Principles of Optics is one of the most highly cited and most influential physics books ever published, and one of the classic science books of the twentieth century. To celebrate the 60th anniversary of this remarkable book's first publication, the seventh expanded edition has been reprinted with a special foreword by Sir Peter Knight. The seventh edition was the first thorough revision and expansion of this definitive text. Amongst the material introduced in the seventh edition is a section on CAT scans, a chapter on scattering from inhomogeneous media, including an account of the principles of diffraction tomography, an account of scattering from periodic potentials, and a section on the so-called Rayleigh-Sommerfield diffraction theory. This expansive and timeless book continues to be invaluable to advanced undergraduates, graduate students and researchers working in all areas of optics.
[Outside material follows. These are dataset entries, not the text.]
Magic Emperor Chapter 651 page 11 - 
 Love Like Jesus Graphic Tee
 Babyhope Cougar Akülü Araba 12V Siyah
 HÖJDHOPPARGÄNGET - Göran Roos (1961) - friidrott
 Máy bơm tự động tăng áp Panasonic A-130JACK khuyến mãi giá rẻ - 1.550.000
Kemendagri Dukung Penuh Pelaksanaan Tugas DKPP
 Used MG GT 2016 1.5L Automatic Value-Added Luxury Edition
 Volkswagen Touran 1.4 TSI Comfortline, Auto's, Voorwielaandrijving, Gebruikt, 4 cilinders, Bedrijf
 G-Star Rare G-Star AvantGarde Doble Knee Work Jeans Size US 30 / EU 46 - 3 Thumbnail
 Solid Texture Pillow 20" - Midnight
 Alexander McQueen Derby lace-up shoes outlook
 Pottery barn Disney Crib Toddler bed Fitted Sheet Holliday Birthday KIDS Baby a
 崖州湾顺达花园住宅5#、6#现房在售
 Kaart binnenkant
Max Born was one of the most distinguished and influential physicists of the twentieth century. Although he was awarded the Nobel Prize for his fundamental researches in quantum mechanics, he made also substantial contributions to other branches of physics, for example to the theory of lattice dynamics of crystals. He created a leading school of theoretical physics at Goettingen University, which had a major impact on the development of physics. From 1936 until his retirement in 1953 he was the Tait Professor of Natural Philosophy at the University of Edinburgh. Born was a prolific writer, who published about 360 papers and 30 books. He received numerous honors apart from the Nobel Prize; he was elected Fellow of learned academies throughout the world and he was awarded many honorary degrees. Emil Wolf was the Wilson Professor of Optical Physics at the University of Rochester. He received B.Sc. and Ph.D. degrees from Bristol University and a D.Sc. degree from the University of Edinburgh. He joined Max Born there in 1951 to collaborate with him in the writing of Principles of Optics. He was Max Born's last assistant. In addition to Principles of Optics, Professor Wolf was the co-author, with Professor Leonard Mandel, of a comprehensive text Optical Coherence and Quantum Optics, and he was the editor of a well known series, Progress in Optics. His numerous contributions to optics are well known and have been recognized by many awards, including seven honorary doctorates. Professor Wolf was President of the Optical Society of America in 1978 and was an honorary member of that society, as well as of the Optical Societies of India and Australia.